Il programma rientra in un piano più ampio di protezione dei diritti dei consumatori, portato avanti dal vice Primo Ministro e Ministro della Scienza e ICT sudcoreano Bae Kyung-hoon. La ragione di fondo? Negli ultimi mesi gli operatori nazionali hanno accumulato diverse mancanze gravi, tra cui fughe di dati che hanno minato la fiducia degli utenti. Il governo ha quindi deciso di intervenire in modo netto, ridefinendo il rapporto tra cittadini e connettività mobile.
Come funziona la navigazione oltre la soglia dati
Il cuore della novità è semplice: quando un utente supera la propria soglia dati mensile, la connessione non viene più bloccata. I tre operatori che hanno aderito all’iniziativa permetteranno di continuare a navigare, anche se a velocità ridotta. La soglia stabilita dal governo è di 400 Kbps. Chiaro, non è una velocità che consente di fare tutto. Niente streaming video fluido, niente social network pieni di immagini e clip. Però basta per le cose che contano davvero: app di messaggistica, accesso a servizi essenziali, comunicazioni di base.
Ed è proprio questo il punto. L’accesso mobile a internet, con questa misura, viene garantito come servizio minimo anche a chi finisce i giga prima della fine del mese. Una protezione in più, non una sostituzione del piano dati. Va sottolineato che la limitazione di velocità si applica esclusivamente al traffico extra soglia, quindi tutto quello che rientra nel piano contrattuale resta invariato.

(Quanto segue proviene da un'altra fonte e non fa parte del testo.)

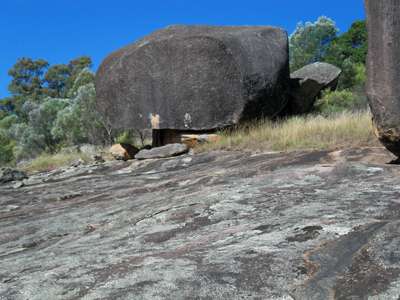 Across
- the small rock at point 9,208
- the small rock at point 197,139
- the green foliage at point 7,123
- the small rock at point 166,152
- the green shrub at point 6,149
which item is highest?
the green foliage at point 7,123

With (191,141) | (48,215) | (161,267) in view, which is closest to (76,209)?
(48,215)

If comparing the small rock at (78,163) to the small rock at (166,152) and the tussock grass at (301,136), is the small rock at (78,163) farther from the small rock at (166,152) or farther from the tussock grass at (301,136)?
the tussock grass at (301,136)

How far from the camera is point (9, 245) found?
4.18 meters

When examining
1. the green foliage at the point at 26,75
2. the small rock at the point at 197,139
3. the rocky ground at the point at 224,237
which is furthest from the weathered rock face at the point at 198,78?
the green foliage at the point at 26,75

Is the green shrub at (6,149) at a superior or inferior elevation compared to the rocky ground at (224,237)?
inferior

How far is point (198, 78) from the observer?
36.9 feet

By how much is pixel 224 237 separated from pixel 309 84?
11.4m

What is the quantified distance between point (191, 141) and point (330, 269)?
8.73 metres

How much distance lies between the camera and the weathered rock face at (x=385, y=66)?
4910mm

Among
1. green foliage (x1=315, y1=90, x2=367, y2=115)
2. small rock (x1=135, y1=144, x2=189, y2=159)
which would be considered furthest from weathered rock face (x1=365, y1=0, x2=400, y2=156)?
green foliage (x1=315, y1=90, x2=367, y2=115)

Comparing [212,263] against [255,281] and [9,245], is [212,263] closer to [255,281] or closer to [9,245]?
[255,281]

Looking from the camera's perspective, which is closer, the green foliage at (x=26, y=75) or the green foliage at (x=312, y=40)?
the green foliage at (x=312, y=40)

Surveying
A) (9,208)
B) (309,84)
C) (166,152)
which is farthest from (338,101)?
(9,208)

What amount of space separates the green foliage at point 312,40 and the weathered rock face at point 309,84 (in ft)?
18.5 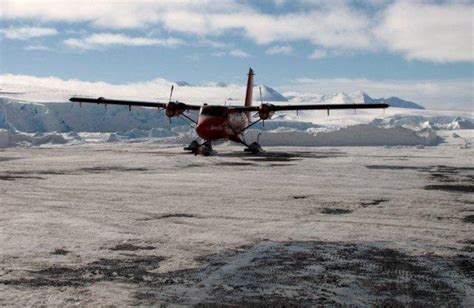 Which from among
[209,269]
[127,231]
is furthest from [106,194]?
[209,269]

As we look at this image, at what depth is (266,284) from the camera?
18.7 feet

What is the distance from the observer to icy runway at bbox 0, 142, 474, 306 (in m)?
5.41

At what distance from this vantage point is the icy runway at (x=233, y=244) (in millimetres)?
5406

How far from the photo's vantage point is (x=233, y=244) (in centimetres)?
775

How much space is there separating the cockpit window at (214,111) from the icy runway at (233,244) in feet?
53.2

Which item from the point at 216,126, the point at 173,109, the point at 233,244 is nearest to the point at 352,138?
the point at 173,109

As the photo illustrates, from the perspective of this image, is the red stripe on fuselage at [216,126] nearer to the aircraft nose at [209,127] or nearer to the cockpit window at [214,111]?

Obblighi aggiuntivi per gli operatori e costi a loro carico
Il programma non si ferma alla navigazione garantita oltre soglia. Gli operatori si sono impegnati anche su altri fronti: aumentare le soglie dedicate agli anziani, migliorare la copertura e la qualità dei servizi Wi-Fi pubblici, e proporre piani con connettività 5G a costi più accessibili. Una serie di interventi che puntano a rendere l’accesso mobile a internet più equo e capillare per tutta la popolazione della Corea del Sud.
E c’è un dettaglio che pesa parecchio: il governo ha stabilito che l’intero costo dell’operazione, compresa la navigazione extra soglia, ricadrà totalmente sulle spalle degli operatori. Nessun onere aggiuntivo per gli utenti. La decisione è stata presentata come una forma di richiamo alla responsabilità sociale che questi grandi gruppi portano con sé, soprattutto alla luce delle gravi mancanze registrate negli ultimi tempi, tra cui le già citate fughe di dati. La Corea del Sud, ancora una volta, affronta una crisi con un approccio diverso da quello che si vede altrove: nessuna attesa, intervento diretto e costi scaricati su chi ha generato il problema.